School of Nursing Center Launches New Online Series to Reduce HIV Stigma Among Youth Living with HIV
The Duke University School of Nursing Center for Latino Adolescent and Family Health (CLAFH) launches NO FEARS (Nurturing Ourselves: Family Education and Activities to Reduce Stigma).
The Duke University School of Nursing Center for Latino Adolescent and Family Health (CLAFH) launches NO FEARS (Nurturing Ourselves: Family Education and Activities to Reduce Stigma), a family-based online program to reduce HIV stigma among youth living with HIV.
“Stigma continues to be a key driver of HIV inequities and an important barrier to achieving national goals for ending the HIV epidemic,” said Vincent Guilamo-Ramos, PhD, MPH, LCSW, RN, ANP-BC, PMHNP-BC, FAAN, dean, Duke University School of Nursing, vice chancellor, nursing affairs, Duke University and director and founder, CLAFH. “It’s particularly prevalent for young people at risk of or living with HIV.”

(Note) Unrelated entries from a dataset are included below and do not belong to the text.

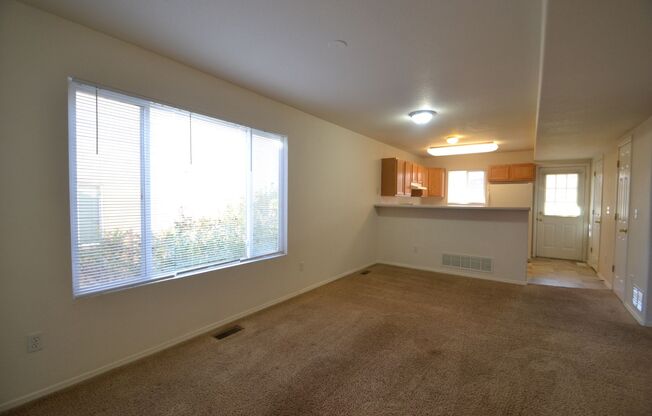 Corner 3 bed, 2.5 Bath Townhome in District 20!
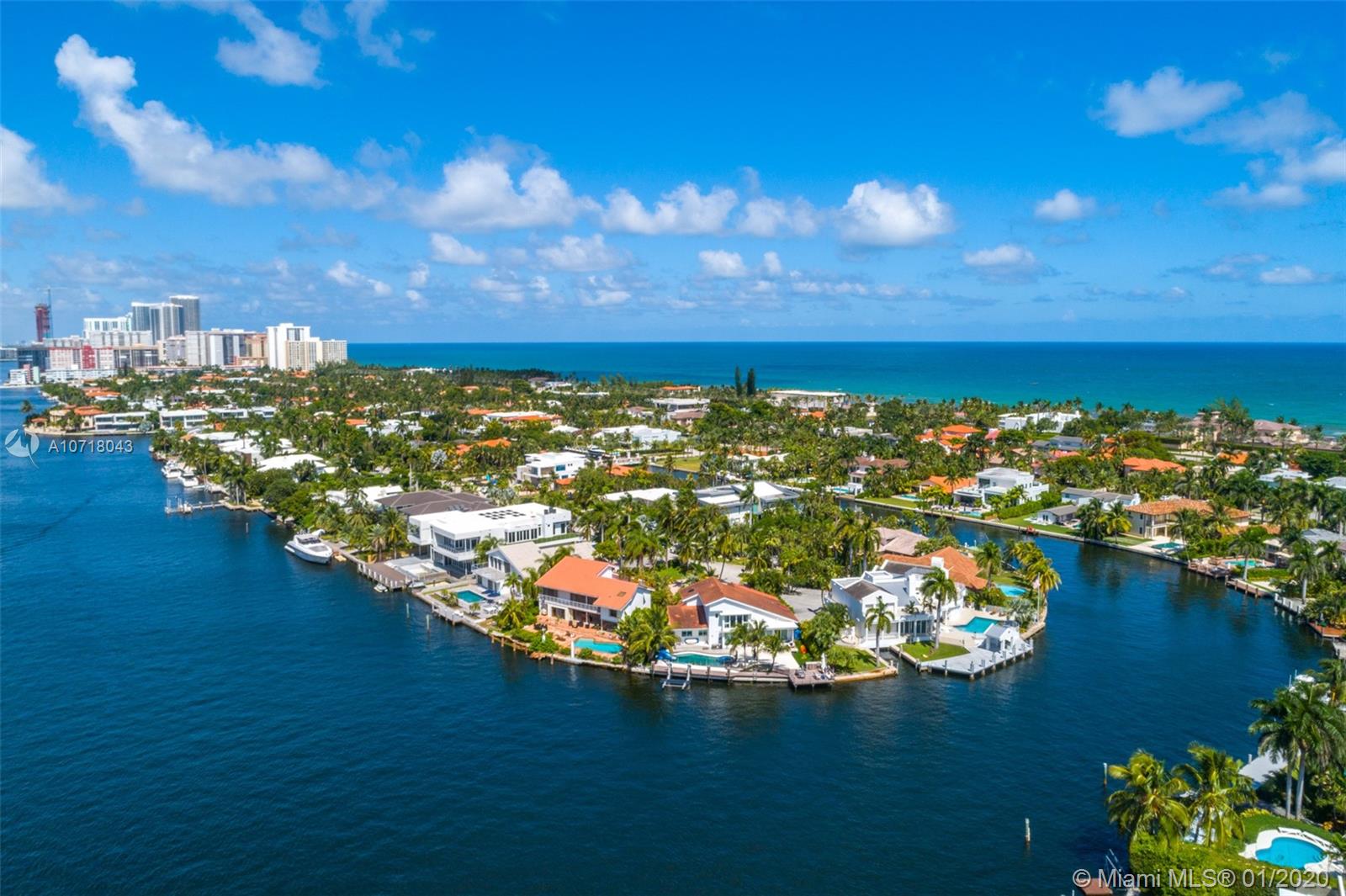 369 Centre Island Golden Beach, FL 33160 - Photo 50 of 57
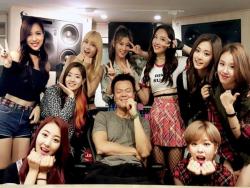 TWICE Says They’re Amazed By Park Jin Young’s Ability To Write Lyrics From Girls’ Perspective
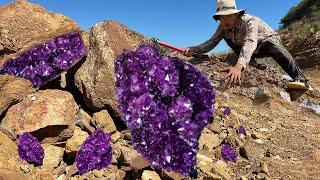 Good job MASSIVE Gemstone COIN FOUND ON THE OREGON TRAIL Metal Detecting Incredible Finds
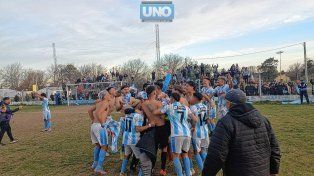 Belgrano se consagró campeón de la liga paranaense de fútbol.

The NO FEARS program is inclusive and intended for diverse families. Activities for youth and their parents can involve all kinds of primary caretakers or parental figures such as biological parents, adoptive parents, grandparents, aunts or uncles, or an adult figure within a chosen family.
There are two components to the online program. First, an animated video series that highlights the experiences of No Fears, a stigma-fighting superhero, who is also an adolescent living with HIV, as he and his family overcome three HIV stigma villains. Second, a family workbook that outlines specific family activities designed to reduce the impact of stigma on youth living with HIV and increase youth’s well-being and adherence to HIV medication.
The program is structured in six modules, each consisting of an episode of the animated NO FEARS video series and a corresponding workbook chapter. The strategies and activities included in the NO FEARS intervention are rooted in evidence-based literature demonstrating effective methods of reducing stigma and supporting youth as they develop and transition into healthy adulthood.
All six modules are available free at clafh.nursing.duke.edu.
“Our goal is to promote the future health and life opportunities for the 3 million youth ages 15 to 24 living with HIV globally, and the more than 45,000 youth ages 13 to 24 estimated to live with HIV in the U.S.,” said Ramos.
The Center for Latino Adolescent and Family Health (CLAFH), launched at Duke in September 2021, is designed to meaningfully engage the Latino community to identify, understand, and collaboratively address the underlying drivers of health and social inequities. The Center strengthens the role of families in supporting adolescent and young adult health and life opportunities, and it develops and evaluates innovative, nurse-driven models of health care delivery that improve access to prevention and treatment services in underserved communities—driving real-world impact, locally and nationally.